Generally when people communicate it is a two way conversation – one talking and the other listening. Certainly the talking part is easier to acknowledge and identify, but listening is a more difficult process. To have an effective conversation takes active listening skills, which can be very difficult.
When you see two people talking at the same time, you know that they are not listening to each other. Listening is half of a successful conversation – you take turns talking and you take turns listening. This is what makes great communication.

In any relationship, it is important to create a comfortable communication environment. We can accomplish this using the Theory of Reciprocity. The Theory of Reciprocity is a powerful weapon of influence as well. Since many of our communication intentions are to influence someone or something, reciprocation can help accomplish our goal when communicating.
The Rule of Reciprocation says that we should try to repay, in kind, what another person has provided us. If a person listens to you, by virtue of the reciprocity rule, you will feel obligated to listen to them.

Habit 5 of Steven Covey’s 7 Habits of Highly Effective People is: Seek first to understand then to be understood. In Habit 5, Covey seeks to change the way we interact with people by changing the way we listen to them. He stresses that we need to be non-judgmental and not make assumptions. In order to reach a win/win situation and be able to influence people and outcomes, we need to understand the other person first.

One of the most common mistakes we can make is to confuse “hearing” and “listening.” Hearing is merely noting that someone is speaking. Listening is more difficult, and it can take considerable effort to constantly pay attention, interpret and remember what was heard. Hearing is passive; listening is active. We must strive to understand the other person, or we can’t help or influence the situation because we won’t be able to see the world through their eyes.
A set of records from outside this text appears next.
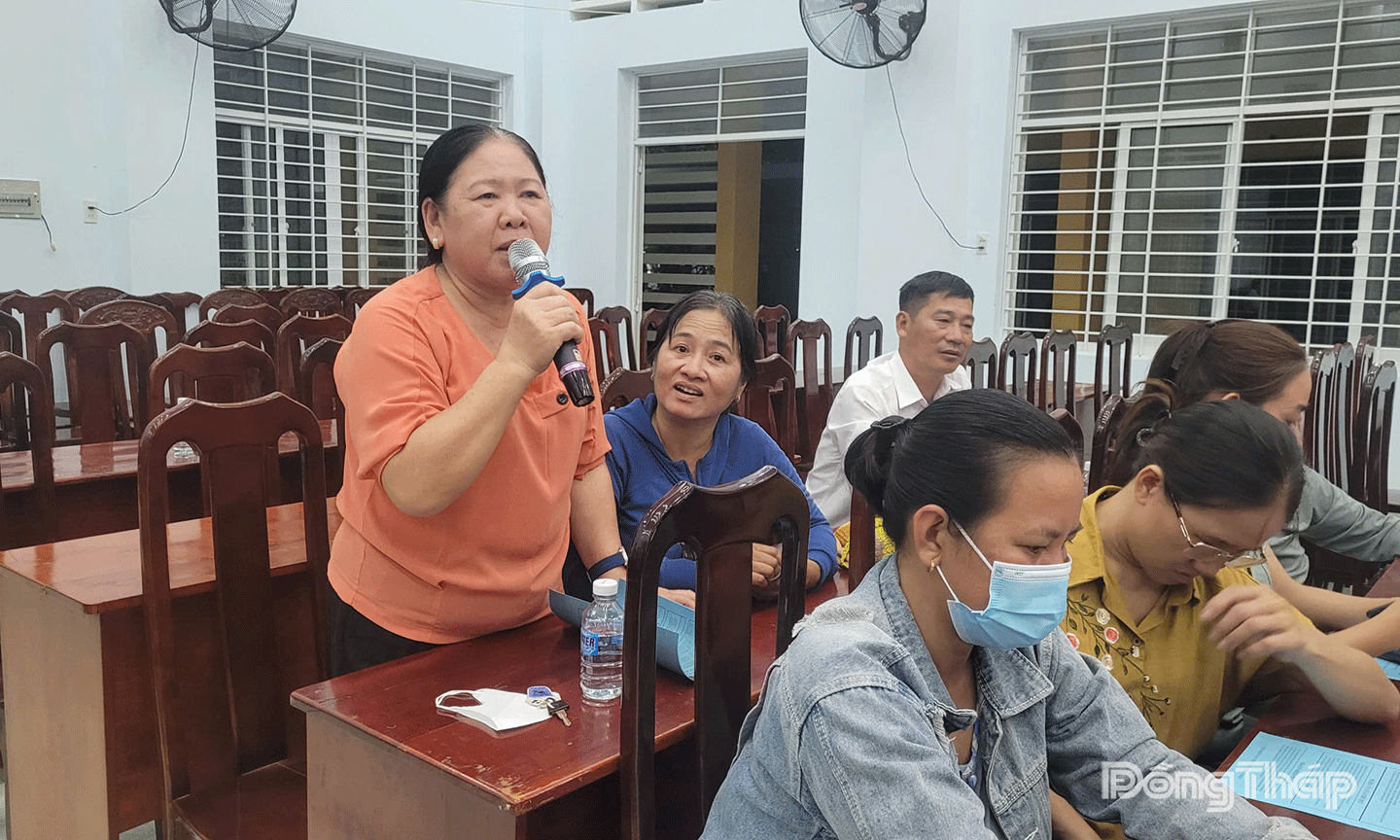 Người dân đặt câu hỏi về vấn đề góp hụi.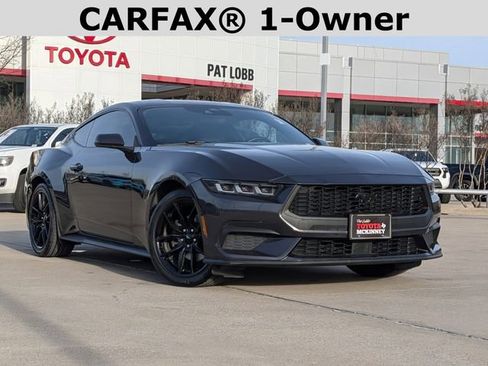 Used 2024 Ford Mustang Coupe image 2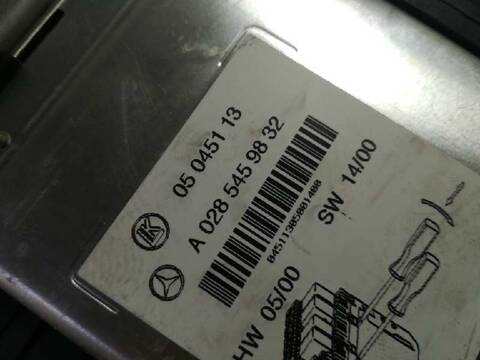 Foto 2ª: Caja Reles Fusibles Mercedes Clase S 220 400 CDI 220.028) BERLINA 250CV 184KW [OM628960] (2000)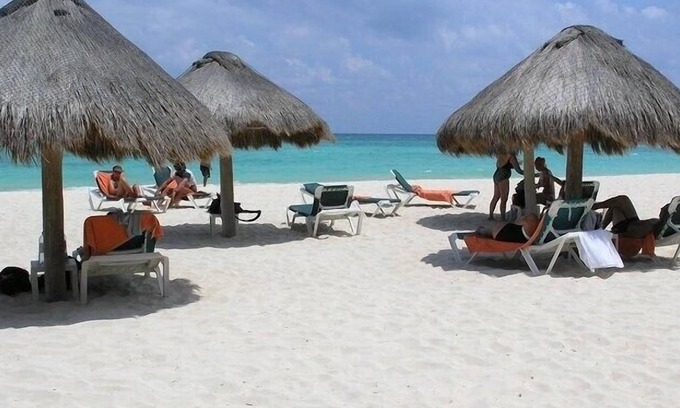 Zazil-ha Condo | Perfect Location In Playa del Carmen, 2 Mins to Beach & 5th St, 1fl 2bd 2.5bath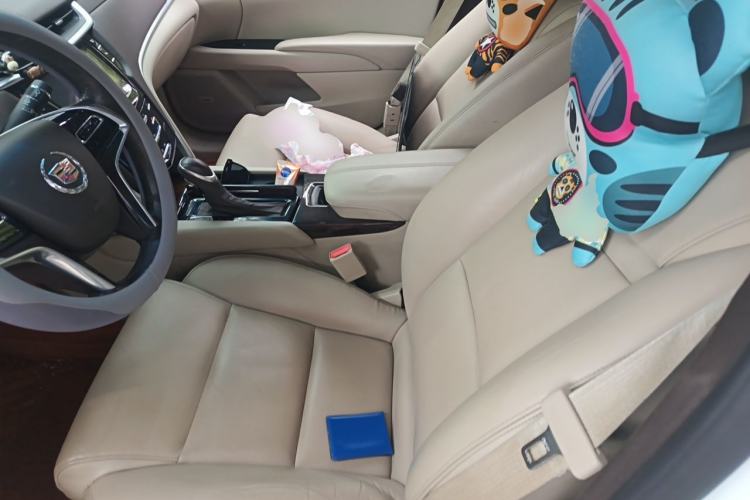 Used Cadillac XTS 2014 28T Comfort Version Left Front Seat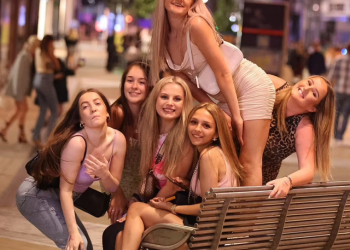 FOTOT/ Si e shijojnë britanikët fundjavën: Nga të rinjtë e dehur te veshjet ekstravagante të vajzave, “shfrenimi”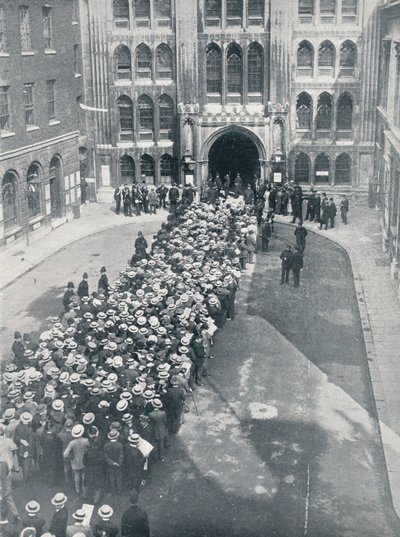 Odotetaan pääsyä kiltataloon herra Asquithin ensimmäistä suurta kutsua asekokoukseen, 1914 tekijältä Unbekannt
Active listening is about hearing the words and identifying feelings with the words.
Baylor University issued a paper that states that the human brain is capable of handling a speaking rate six times that of the average speaker. Thus the listener must focus on the speaker by tuning out distractions.
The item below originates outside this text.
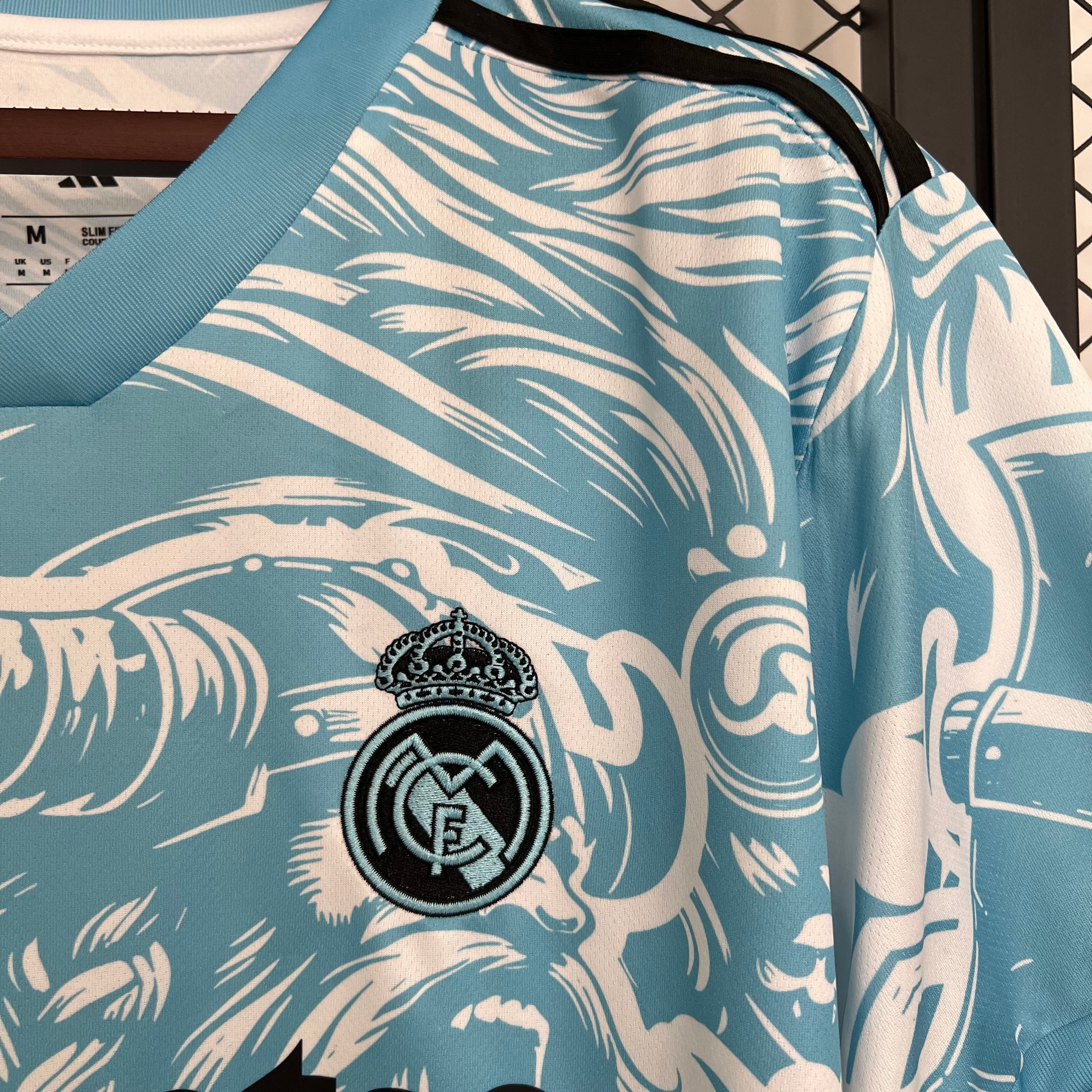 REAL MADRID - MAILLOT CONCEPT 25/26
The paper offers seven suggestions to improve active listening skills.

  1. Make eye contact: This will help us focus and reduce the chance of distraction.
  2. Exhibit affirmative nods and appropriate facial expressions: The effective speaker shows signs of being interested. Our non-verbal expressions can convey active listening.
  3. Avoid distracting actions or gestures: Don’t look away from the speaker at other people, play with pens, shuffle papers or the like. This makes the speaker feel the listener is not interested in what is being said.
  4. Ask questions: Questions help ensure clarification of what is being said.
  5. Paraphrase: This technique allows the listener to verify that the message was received correctly.
  6. Avoid interrupting the speaker: Allow the speaker to complete his or her thoughts before responding, and do not anticipate what he/she will say.
  7. Don’t talk too much: An active listener recognizes that it is impossible to talk and listen acutely at the same time.

As Steven Covey so clearly states, empathic listening is what we can aim for to having meaningful conversations. It gives the other person an emotional boost. Empathic listening isn’t about agreeing with the other person, it is about understanding them emotionally, behaviorally, physically and intellectually.

Listening is a learnable skill. Yet it is not typically taught along with other communication skills. Listening is a very important and useful method of communication. We have to be aware of how we listen and work hard at being effective at it.